While delayed or progressive retirement can be a positive in that it keeps knowledge and experience in the workplace, organizations need to balance that with the need for younger workers.

Helping employees manage financial stress is also a productivity tool. A Desjardin Financial survey found 60 per cent of people considered financial problems their number one stresser, with some spending up to an hour a day at work managing personal finances.

According to Buck Global Investment Advisors senior consultant Robin Pond, CFA, the shift away from defined benefits plans has put pressure on potential retirees, who are not confident that they will have enough income to live comfortably.

“Because so much responsibility has been shifted onto the employees there is a greater requirement for the company or the HR department to provide assistance in this area,” Pond said. “The employer has a strong role in education and communicating what’s available and providing financial planning tools to employees.”

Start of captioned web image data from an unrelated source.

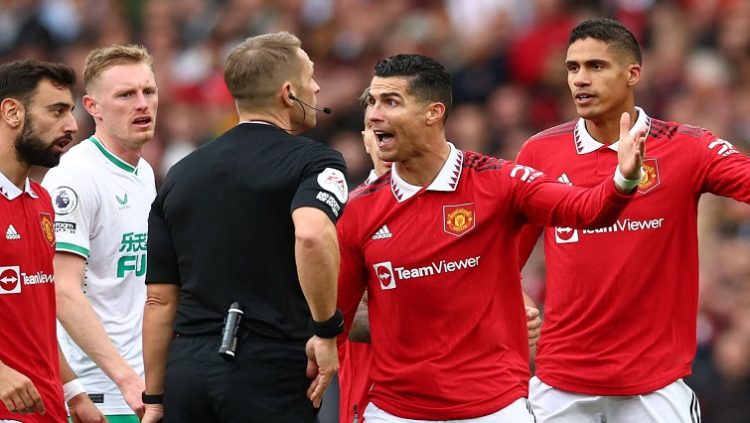 Manchester United's Cristiano Ronaldo reacts before he is shown a yellow card by referee Craig Pawson.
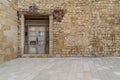 Old abandoned stone bricks wall with broken weathered wooden door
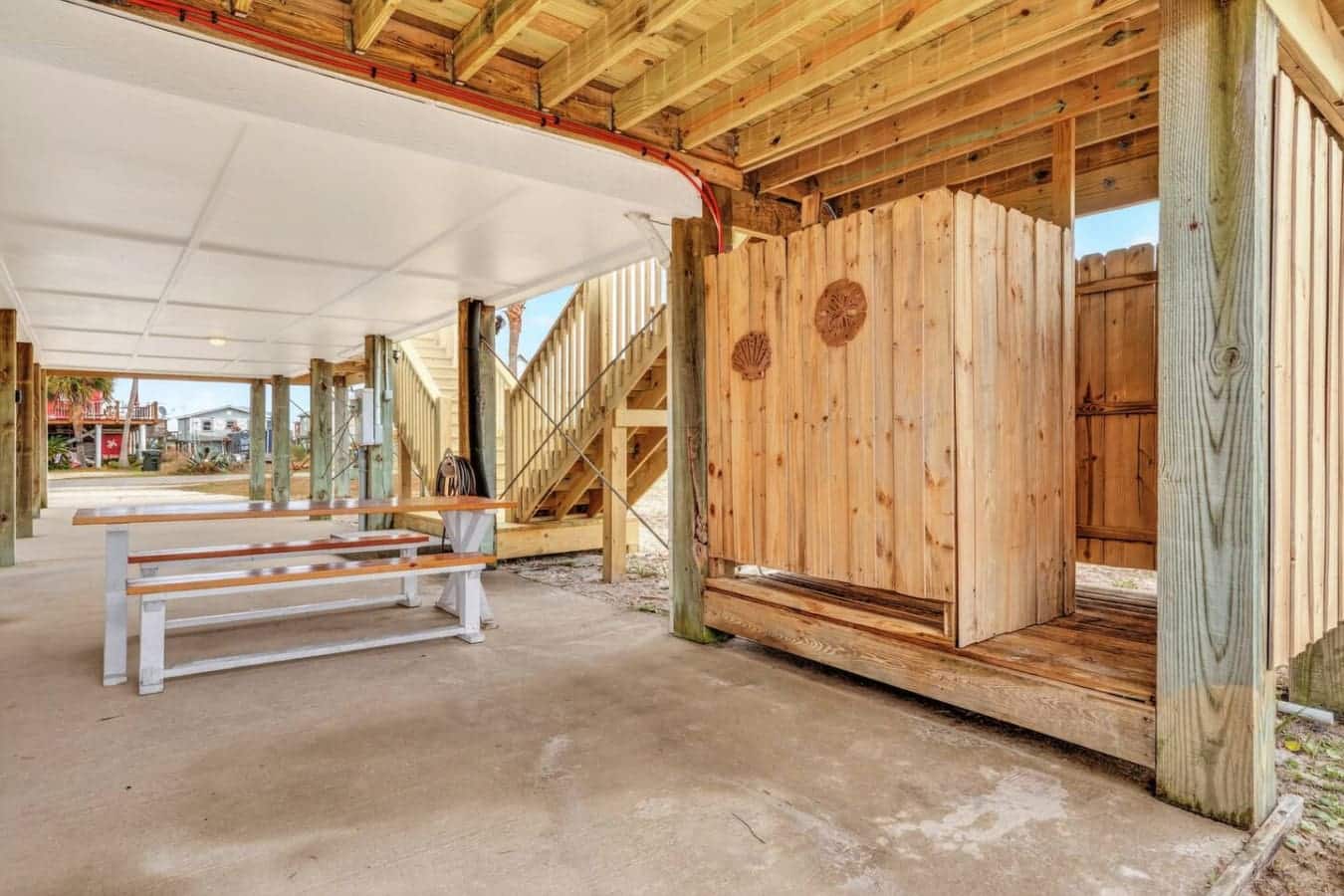 This covered pavilion space is perfect for outdoor gatherings with rustic wooden beams and plenty of room to relax.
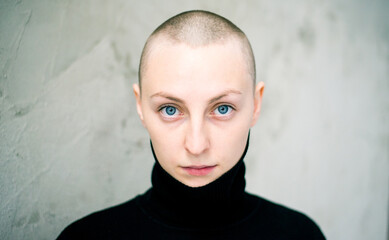 young caucasian woman with shaved hair on her head, almost bald, looks at the camera
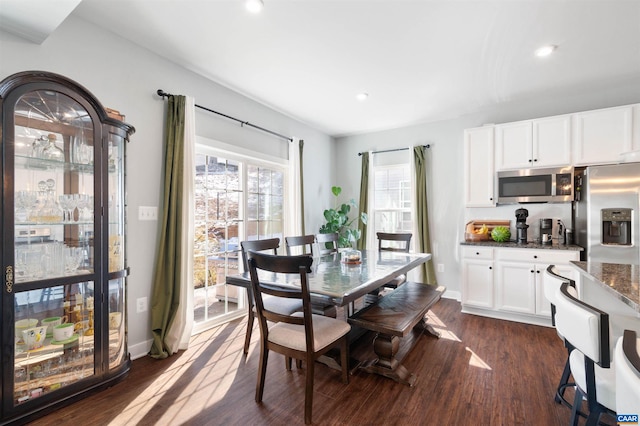 dining space featuring dark wood-type flooring, recessed lighting, and baseboards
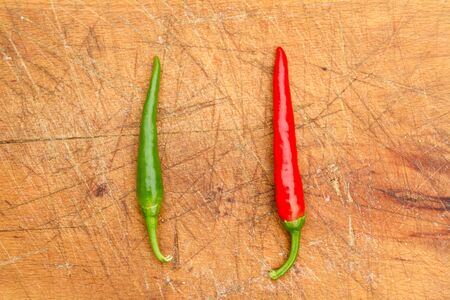 Two chilli peppers on a cutting board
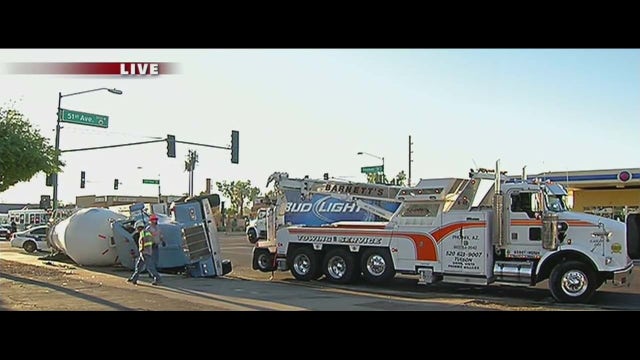 Crews clean up rolled cement truck in Phoenix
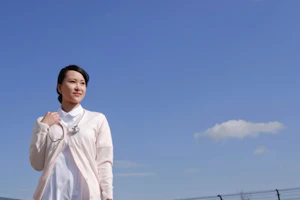 青空の下屋上に立っている看護師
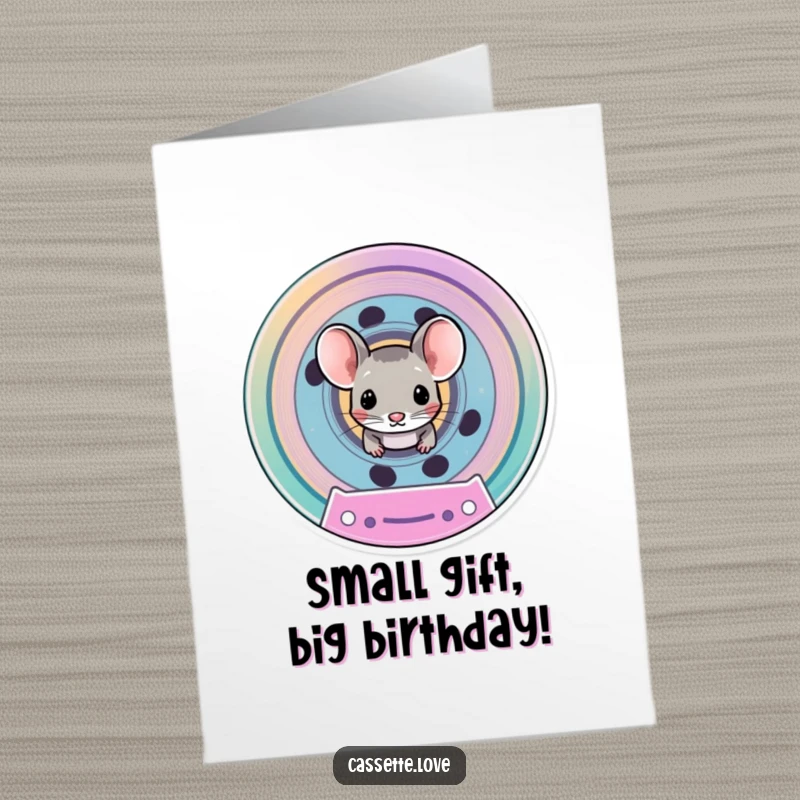 Funny free printable birthday card with a tiny mouse peeking from a colorful cassette spool, offering birthday wishes.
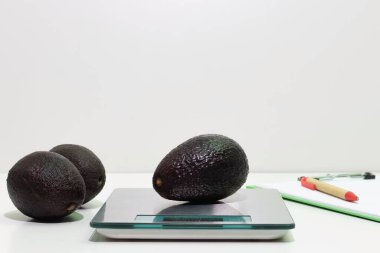 Ölçek, ağırlık kontrolü ve gıda güvenliği kavramında bir avokado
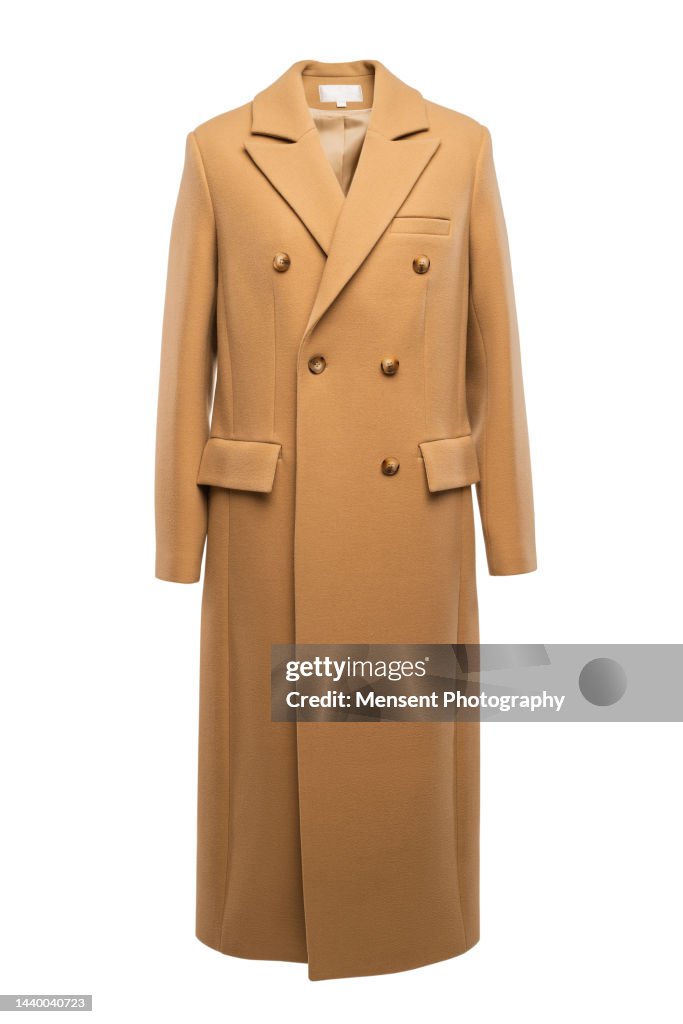 Women's fashionable yellow coats isolated on white background, invisible mannequin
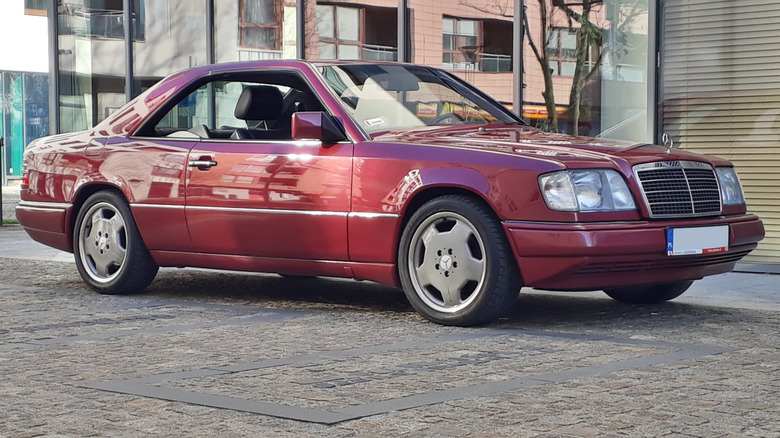 A red Mercedes-Benz 300CE coupe parked outside near buildings.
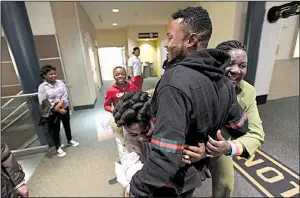  ?? NWA Democrat-Gazette/J.T. WAMPLER ?? John Feruzi receives hugs from aunt Nyasa Safi and cousin Josephina Richard on Tuesday after arriving at the Northwest Arkansas Regional Airport in Highfill.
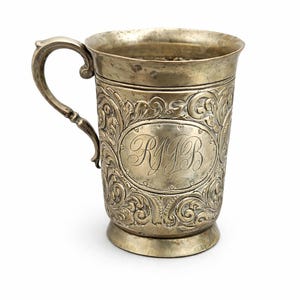 May include: Silver-colored mug with an ornate, engraved floral design. The mug features a handle and an oval cartouche with the engraved initials "RJB". The mug has a slightly flared rim and a small, circular base.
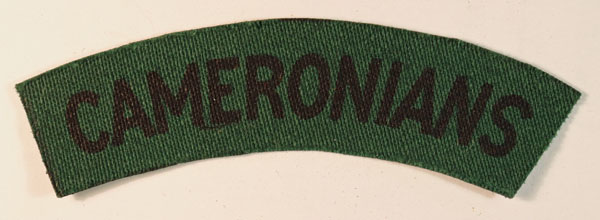 CAMERONIANS WW2 Printed Shoulder Title Badge – CALICO PRINTERS – SCARCE — Lot No. 6393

Making a qualified financial advisor, such as a CFA charterholder, available to employees can help them discuss investment strategies, contribution rates, and lifestyle expectations. One of the major issues advisors are seeing is people with unrealistic expectations or not knowing how much they will require to live comfortably in retirement.

“At the end of the day no one is saying it’s not the employee’s responsibility, but without the employer’s assistance some people will struggle,” Pond added. Financial planning can also help employees who have left their saving late in life. Standard wisdom is that older savers should be more conservative, but this is balanced by lower returns and an advisor can help employees balance risk and return to improve their own position.

 “You really need to have a realistic approach to these things,” Pond said. “A big part of it isn’t just investments and how much you’re going to earn. It has to dovetail with the lifestyle that people expect and can achieve in retirement – when they’re going to retire, whether they should save into retirement and have partial income after a certain point.”

Offering financial planning is not only good for baby boomers, it can benefit employees of any age. Many Generation X employees are struggling with competing needs such as mortgage payments, student loans and other debt, supporting children and parents, and trying to save for retirement.

“There are a lot of factors that you have to tie in together,” Pond added. “The decisions aren’t made in isolation but with an awareness of the overall plan that has a lot of other factors to it.”